**PROBLEM DETAILS:**
The answer must repeat every record exactly, with all pictures omitted.

**Stored items:**
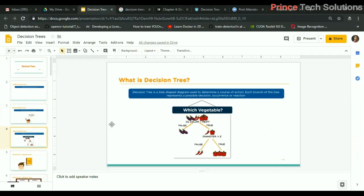The PPT is visible. A decision tree is a tree-shaped structure where we go on splitting data based on the best attribute first. For example, here there are three vegetables, and color and diameter are the attributes or features for this dataset. Initially we choose color because it has the highest information gain.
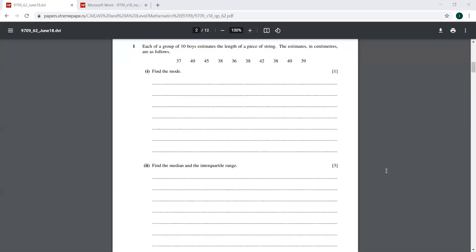Let's start June 18th, paper 62, question number one. Each of a group of 10 boys estimates the length of a piece of string. The estimates in centimeters are as follows.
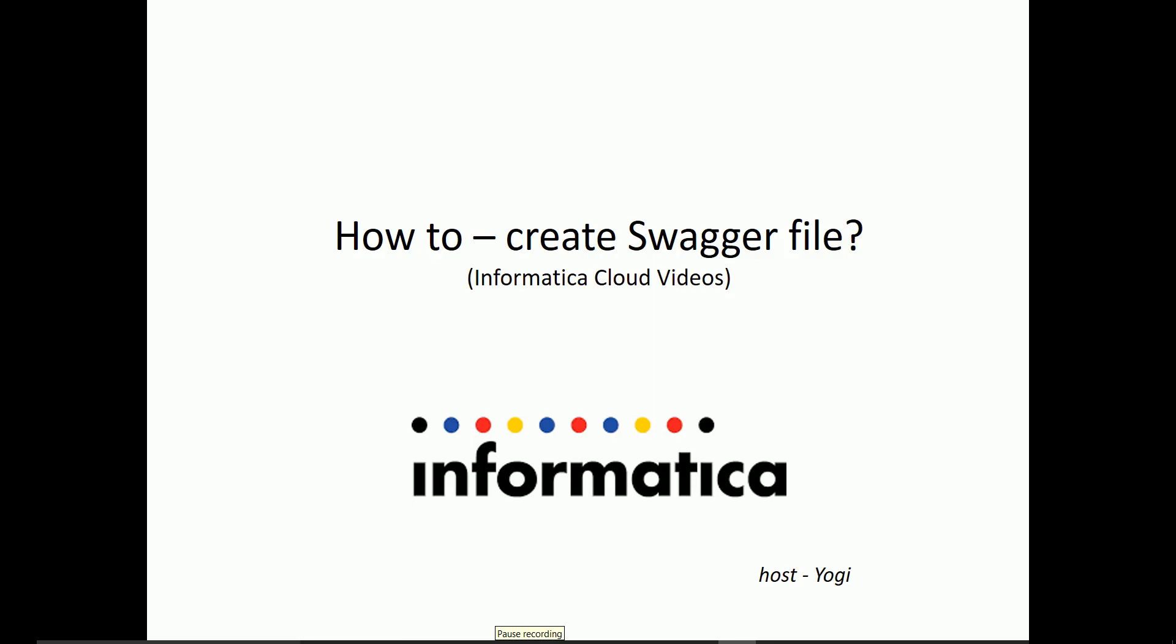Hi, welcome to Informatica Cloud videos. In this video, I'll be helping you out on how to create a swagger file using Informatica Cloud.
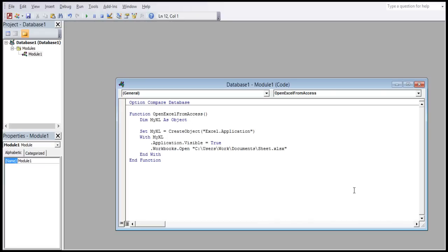For that, we will simply use the OpenExcelFromAccess function. The function will declare a MyExcel object, setting it to create an object of Excel application type, and then open the Excel workbook by the Workbooks.open function. The Workbook function takes in the path of the Excel file that we need to open as an argument.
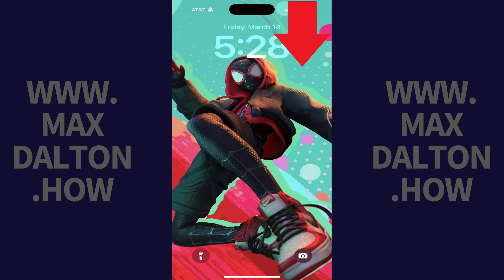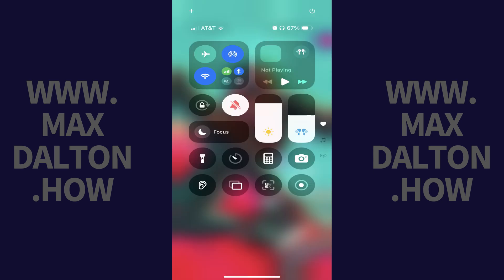Step 1. Swipe down from the top right corner of your iPhone or iPad home screen to access the Control Center.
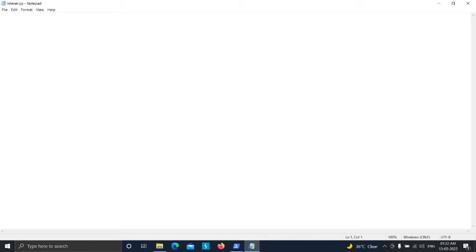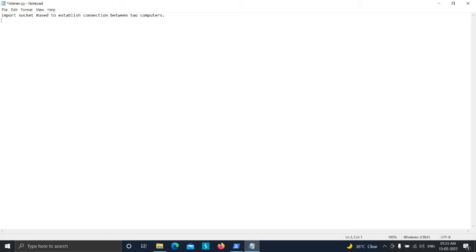Now we need to import some libraries. The most important library is going to be socket. Socket is basically used to communicate between two or more computers. We are using socket to send and receive commands and output from our listener.py file to payload.py. Once we get a connection from the victim's machine, we want to execute commands to fully access that computer. Socket is used to establish a connection between two or more computers, and that's all we need to import in listener.py.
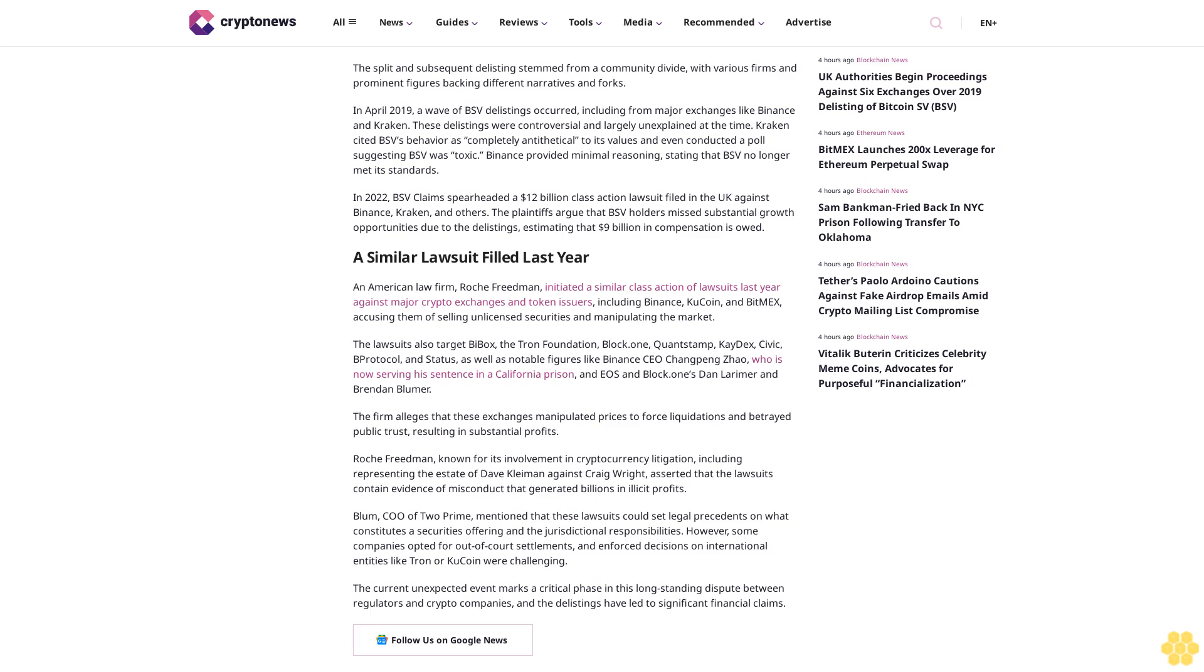The current unexpected event marks a critical phase in this long-standing dispute between regulators and crypto companies, and the delistings have led to significant financial claims. Follow us on Google News.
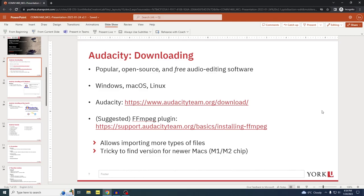Hi everyone, here is a tutorial on how to use Audacity. Audacity is a popular open-source and free audio editing software compatible with Windows, Mac OS, and Linux. Here is the download link. You can also download the FFMPEG plugin for Audacity, which allows you to import more types of audio files, but whenever possible it is best to convert your audio files into MP3 format because that's universal and doesn't require the plugin.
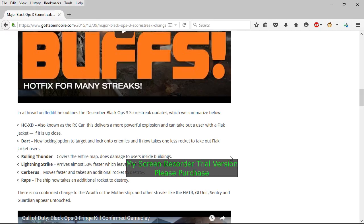The Rolling Thunder, I don't agree with damage inside the building, but it is what it is. The Lightning Strike, I agree with that. 50% checked out faster, so that's good.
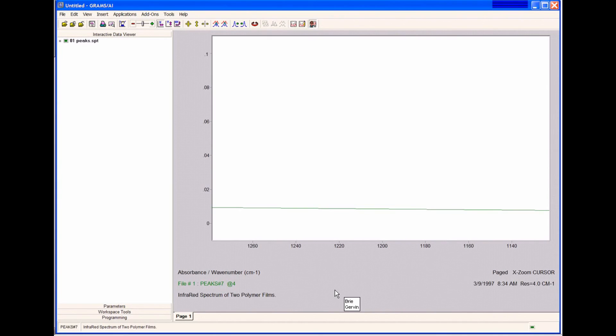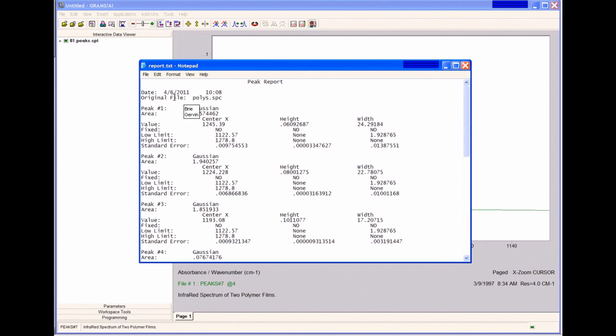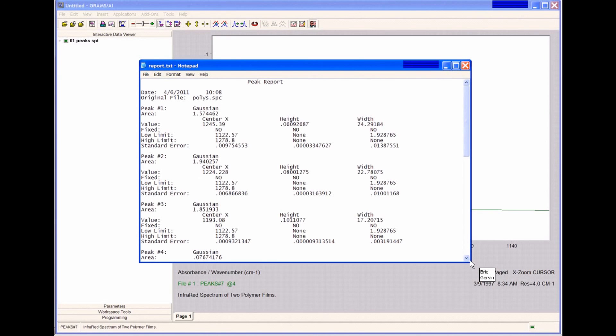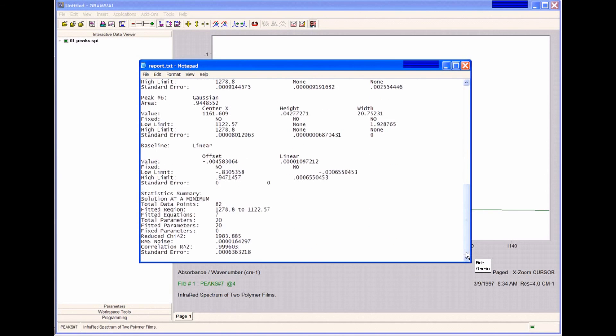Let's look at our reports that we saved. We can first look at our peak report, which is saved to the text file. As you can see in the report, it tells us the date we performed the fit, the file we used, and the information about the peaks that we fitted. I can scroll down. There's information about all the peaks and the baseline, as well as our statistics summary for the goodness of the fit.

**WRITTEN ANSWER:**
The PPT is visible. A decision tree is a tree-shaped structure where we go on splitting data based on the best attribute first. For example, here there are three vegetables, and color and diameter are the attributes or features for this dataset. Initially we choose color because it has the highest information gain.
Let's start June 18th, paper 62, question number one. Each of a group of 10 boys estimates the length of a piece of string. The estimates in centimeters are as follows.
Hi, welcome to Informatica Cloud videos. In this video, I'll be helping you out on how to create a swagger file using Informatica Cloud.
For that, we will simply use the OpenExcelFromAccess function. The function will declare a MyExcel object, setting it to create an object of Excel application type, and then open the Excel workbook by the Workbooks.open function. The Workbook function takes in the path of the Excel file that we need to open as an argument.
Step 1. Swipe down from the top right corner of your iPhone or iPad home screen to access the Control Center.
Now we need to import some libraries. The most important library is going to be socket. Socket is basically used to communicate between two or more computers. We are using socket to send and receive commands and output from our listener.py file to payload.py. Once we get a connection from the victim's machine, we want to execute commands to fully access that computer. Socket is used to establish a connection between two or more computers, and that's all we need to import in listener.py.
The current unexpected event marks a critical phase in this long-standing dispute between regulators and crypto companies, and the delistings have led to significant financial claims. Follow us on Google News.
Hi everyone, here is a tutorial on how to use Audacity. Audacity is a popular open-source and free audio editing software compatible with Windows, Mac OS, and Linux. Here is the download link. You can also download the FFMPEG plugin for Audacity, which allows you to import more types of audio files, but whenever possible it is best to convert your audio files into MP3 format because that's universal and doesn't require the plugin.
The Rolling Thunder, I don't agree with damage inside the building, but it is what it is. The Lightning Strike, I agree with that. 50% checked out faster, so that's good.
Let's look at our reports that we saved. We can first look at our peak report, which is saved to the text file. As you can see in the report, it tells us the date we performed the fit, the file we used, and the information about the peaks that we fitted. I can scroll down. There's information about all the peaks and the baseline, as well as our statistics summary for the goodness of the fit.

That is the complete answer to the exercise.